DIRECTIONS FOR THIS TASK →
Output all the data exactly as it appears below.

TASK INPUTS →
- Opening Delimiter -

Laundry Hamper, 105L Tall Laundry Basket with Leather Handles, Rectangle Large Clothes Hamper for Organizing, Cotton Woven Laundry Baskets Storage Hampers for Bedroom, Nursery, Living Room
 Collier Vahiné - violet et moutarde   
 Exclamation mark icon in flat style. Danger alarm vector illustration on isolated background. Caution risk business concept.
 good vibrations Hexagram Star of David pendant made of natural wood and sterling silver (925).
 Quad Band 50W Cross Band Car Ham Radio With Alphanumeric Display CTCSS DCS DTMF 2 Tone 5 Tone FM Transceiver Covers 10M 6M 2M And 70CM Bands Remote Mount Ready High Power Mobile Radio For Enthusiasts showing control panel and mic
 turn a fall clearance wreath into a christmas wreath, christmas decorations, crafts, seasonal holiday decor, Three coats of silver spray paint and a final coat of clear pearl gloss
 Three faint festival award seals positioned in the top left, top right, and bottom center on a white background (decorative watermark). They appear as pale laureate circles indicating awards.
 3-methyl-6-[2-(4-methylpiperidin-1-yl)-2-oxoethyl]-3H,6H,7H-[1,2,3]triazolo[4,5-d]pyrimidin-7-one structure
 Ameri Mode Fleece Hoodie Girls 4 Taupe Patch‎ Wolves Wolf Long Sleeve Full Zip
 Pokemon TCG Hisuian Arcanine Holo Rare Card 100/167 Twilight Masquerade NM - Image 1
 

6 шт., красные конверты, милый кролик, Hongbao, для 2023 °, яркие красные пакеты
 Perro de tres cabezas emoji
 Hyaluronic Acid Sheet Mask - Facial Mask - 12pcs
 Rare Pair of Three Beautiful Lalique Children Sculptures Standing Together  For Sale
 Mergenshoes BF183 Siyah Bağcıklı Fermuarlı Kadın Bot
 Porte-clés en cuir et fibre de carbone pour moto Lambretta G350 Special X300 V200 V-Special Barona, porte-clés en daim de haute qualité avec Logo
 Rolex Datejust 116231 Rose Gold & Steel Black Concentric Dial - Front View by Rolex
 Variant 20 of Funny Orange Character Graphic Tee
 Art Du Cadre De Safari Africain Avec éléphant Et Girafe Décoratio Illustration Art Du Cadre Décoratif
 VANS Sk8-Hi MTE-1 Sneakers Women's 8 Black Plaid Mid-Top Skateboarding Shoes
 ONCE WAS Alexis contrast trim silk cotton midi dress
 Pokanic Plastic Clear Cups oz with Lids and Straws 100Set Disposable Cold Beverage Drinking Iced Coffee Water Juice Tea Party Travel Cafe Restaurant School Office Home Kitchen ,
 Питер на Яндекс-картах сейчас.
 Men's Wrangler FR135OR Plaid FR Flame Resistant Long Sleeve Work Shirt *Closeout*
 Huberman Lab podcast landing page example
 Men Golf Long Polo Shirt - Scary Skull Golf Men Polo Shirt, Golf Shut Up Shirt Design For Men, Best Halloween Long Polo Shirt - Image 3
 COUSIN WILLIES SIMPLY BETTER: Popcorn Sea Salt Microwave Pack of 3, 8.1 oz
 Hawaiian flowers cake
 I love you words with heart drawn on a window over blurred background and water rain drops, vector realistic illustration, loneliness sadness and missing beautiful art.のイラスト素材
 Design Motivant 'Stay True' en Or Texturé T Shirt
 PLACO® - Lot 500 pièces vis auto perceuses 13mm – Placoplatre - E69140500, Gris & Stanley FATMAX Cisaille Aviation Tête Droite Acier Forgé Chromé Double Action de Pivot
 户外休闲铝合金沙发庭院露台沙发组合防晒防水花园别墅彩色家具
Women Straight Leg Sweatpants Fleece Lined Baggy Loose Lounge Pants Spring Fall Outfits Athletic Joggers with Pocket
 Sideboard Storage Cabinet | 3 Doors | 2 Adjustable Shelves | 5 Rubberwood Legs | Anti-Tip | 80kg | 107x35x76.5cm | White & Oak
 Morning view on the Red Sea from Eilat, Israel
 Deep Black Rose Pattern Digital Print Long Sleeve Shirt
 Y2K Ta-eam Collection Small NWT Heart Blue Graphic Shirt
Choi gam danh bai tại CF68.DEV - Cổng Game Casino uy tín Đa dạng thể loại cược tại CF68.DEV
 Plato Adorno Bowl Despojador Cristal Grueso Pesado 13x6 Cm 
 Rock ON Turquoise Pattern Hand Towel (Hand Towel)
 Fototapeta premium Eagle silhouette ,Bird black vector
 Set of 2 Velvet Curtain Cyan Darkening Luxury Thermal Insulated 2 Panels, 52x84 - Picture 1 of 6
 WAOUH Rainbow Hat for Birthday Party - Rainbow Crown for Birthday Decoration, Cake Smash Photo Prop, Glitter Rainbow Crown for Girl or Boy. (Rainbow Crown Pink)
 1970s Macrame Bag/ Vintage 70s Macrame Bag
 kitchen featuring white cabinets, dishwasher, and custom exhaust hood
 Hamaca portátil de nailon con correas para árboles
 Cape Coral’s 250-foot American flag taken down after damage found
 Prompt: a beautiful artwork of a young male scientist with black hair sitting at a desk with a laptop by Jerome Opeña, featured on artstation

- Closing Delimiter -

TASK ANSWER →
Laundry Hamper, 105L Tall Laundry Basket with Leather Handles, Rectangle Large Clothes Hamper for Organizing, Cotton Woven Laundry Baskets Storage Hampers for Bedroom, Nursery, Living Room
 Collier Vahiné - violet et moutarde   
 Exclamation mark icon in flat style. Danger alarm vector illustration on isolated background. Caution risk business concept.
 good vibrations Hexagram Star of David pendant made of natural wood and sterling silver (925).
 Quad Band 50W Cross Band Car Ham Radio With Alphanumeric Display CTCSS DCS DTMF 2 Tone 5 Tone FM Transceiver Covers 10M 6M 2M And 70CM Bands Remote Mount Ready High Power Mobile Radio For Enthusiasts showing control panel and mic
 turn a fall clearance wreath into a christmas wreath, christmas decorations, crafts, seasonal holiday decor, Three coats of silver spray paint and a final coat of clear pearl gloss
 Three faint festival award seals positioned in the top left, top right, and bottom center on a white background (decorative watermark). They appear as pale laureate circles indicating awards.
 3-methyl-6-[2-(4-methylpiperidin-1-yl)-2-oxoethyl]-3H,6H,7H-[1,2,3]triazolo[4,5-d]pyrimidin-7-one structure
 Ameri Mode Fleece Hoodie Girls 4 Taupe Patch‎ Wolves Wolf Long Sleeve Full Zip
 Pokemon TCG Hisuian Arcanine Holo Rare Card 100/167 Twilight Masquerade NM - Image 1
 

6 шт., красные конверты, милый кролик, Hongbao, для 2023 °, яркие красные пакеты
 Perro de tres cabezas emoji
 Hyaluronic Acid Sheet Mask - Facial Mask - 12pcs
 Rare Pair of Three Beautiful Lalique Children Sculptures Standing Together  For Sale
 Mergenshoes BF183 Siyah Bağcıklı Fermuarlı Kadın Bot
 Porte-clés en cuir et fibre de carbone pour moto Lambretta G350 Special X300 V200 V-Special Barona, porte-clés en daim de haute qualité avec Logo
 Rolex Datejust 116231 Rose Gold & Steel Black Concentric Dial - Front View by Rolex
 Variant 20 of Funny Orange Character Graphic Tee
 Art Du Cadre De Safari Africain Avec éléphant Et Girafe Décoratio Illustration Art Du Cadre Décoratif
 VANS Sk8-Hi MTE-1 Sneakers Women's 8 Black Plaid Mid-Top Skateboarding Shoes
 ONCE WAS Alexis contrast trim silk cotton midi dress
 Pokanic Plastic Clear Cups oz with Lids and Straws 100Set Disposable Cold Beverage Drinking Iced Coffee Water Juice Tea Party Travel Cafe Restaurant School Office Home Kitchen ,
 Питер на Яндекс-картах сейчас.
 Men's Wrangler FR135OR Plaid FR Flame Resistant Long Sleeve Work Shirt *Closeout*
 Huberman Lab podcast landing page example
 Men Golf Long Polo Shirt - Scary Skull Golf Men Polo Shirt, Golf Shut Up Shirt Design For Men, Best Halloween Long Polo Shirt - Image 3
 COUSIN WILLIES SIMPLY BETTER: Popcorn Sea Salt Microwave Pack of 3, 8.1 oz
 Hawaiian flowers cake
 I love you words with heart drawn on a window over blurred background and water rain drops, vector realistic illustration, loneliness sadness and missing beautiful art.のイラスト素材
 Design Motivant 'Stay True' en Or Texturé T Shirt
 PLACO® - Lot 500 pièces vis auto perceuses 13mm – Placoplatre - E69140500, Gris & Stanley FATMAX Cisaille Aviation Tête Droite Acier Forgé Chromé Double Action de Pivot
 户外休闲铝合金沙发庭院露台沙发组合防晒防水花园别墅彩色家具
Women Straight Leg Sweatpants Fleece Lined Baggy Loose Lounge Pants Spring Fall Outfits Athletic Joggers with Pocket
 Sideboard Storage Cabinet | 3 Doors | 2 Adjustable Shelves | 5 Rubberwood Legs | Anti-Tip | 80kg | 107x35x76.5cm | White & Oak
 Morning view on the Red Sea from Eilat, Israel
 Deep Black Rose Pattern Digital Print Long Sleeve Shirt
 Y2K Ta-eam Collection Small NWT Heart Blue Graphic Shirt
Choi gam danh bai tại CF68.DEV - Cổng Game Casino uy tín Đa dạng thể loại cược tại CF68.DEV
 Plato Adorno Bowl Despojador Cristal Grueso Pesado 13x6 Cm 
 Rock ON Turquoise Pattern Hand Towel (Hand Towel)
 Fototapeta premium Eagle silhouette ,Bird black vector
 Set of 2 Velvet Curtain Cyan Darkening Luxury Thermal Insulated 2 Panels, 52x84 - Picture 1 of 6
 WAOUH Rainbow Hat for Birthday Party - Rainbow Crown for Birthday Decoration, Cake Smash Photo Prop, Glitter Rainbow Crown for Girl or Boy. (Rainbow Crown Pink)
 1970s Macrame Bag/ Vintage 70s Macrame Bag
 kitchen featuring white cabinets, dishwasher, and custom exhaust hood
 Hamaca portátil de nailon con correas para árboles
 Cape Coral’s 250-foot American flag taken down after damage found
 Prompt: a beautiful artwork of a young male scientist with black hair sitting at a desk with a laptop by Jerome Opeña, featured on artstation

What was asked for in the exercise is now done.